A friend's daughter, a recent college graduate, was living in New Orleans and called her mom to say "everything's fine" after the hurricane went through on Monday. After the levees broke there was no word from her until Saturday when she got out. I got this email today:
Thanks everybody for your prayers for Jessica Carroll stuck in New Orleans, and her family. I've rec'd several emails asking about her.... She was able to get out late Saturday nite. A small group of her neighbors (including a retired fireman) were able to hike out to a vehicle stashed on high ground before the storm. They put boards on trolley tracks and drove a little, moved the boards, drove a little more, and were able to get to the highway where the National Guard told them to turn back. Apparently they were not letting people out under their own power. Their vehicle joined with some NBC vehicles and broke through the road block (!) and were able to get to Mississippi about 11:00 p.m. (where our Leelanau County food is being delivered). Sounds like it was a horrendous journey. She's now made it to Baton Rouge and is with her sister who brought her clothes, etc. They will be making their way to Chicago soon. She was able to get out with her 14-year-old cat in a back pack, some photos, and her toothbrush.

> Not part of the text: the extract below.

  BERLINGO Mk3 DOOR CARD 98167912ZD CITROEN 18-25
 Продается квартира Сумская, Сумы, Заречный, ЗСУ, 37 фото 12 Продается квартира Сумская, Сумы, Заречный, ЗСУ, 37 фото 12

So many questions about this short narrative. Why were cell phone communications knocked out and why weren't they restored sooner? Turn back? How? Why? After the week that was, do they really expect people to trust the authorities to take care of them?

On Thursday there was a horse trailer set up outside Hansen's grocery taking donations of food, clothing, and household goods for hurricane victims. Anna was excited when I put pop-top cans of spaghetti into our cart, but I told them they weren't for us. I also bought a can of Similac, being sure to explain to Anna that mothers who had chosen to breast feed would not have to worry about finding clean bottles, formula, or clean water to mix it with.

The horse trailer was a local spontaneous effort. People bought extra groceries and brought clothing from home. Others stayed for hours to sort and box items. On Friday the trailer left for the International Aid warehouse in Spring Lake, Michigan. By Sunday noon, food was in the mouths of hungry people in Mississippi. The trailer is back at Hansen's, with another at the Leelanau Enterprise building, and another at Plantmasters.

On the news today, it's all about who should have done what. Meanwhile I am looking at the gas prices and anticipating a hard winter, at least financially. The kids started back to school today, so it is time to start canning tomatoes, peaches, and pears.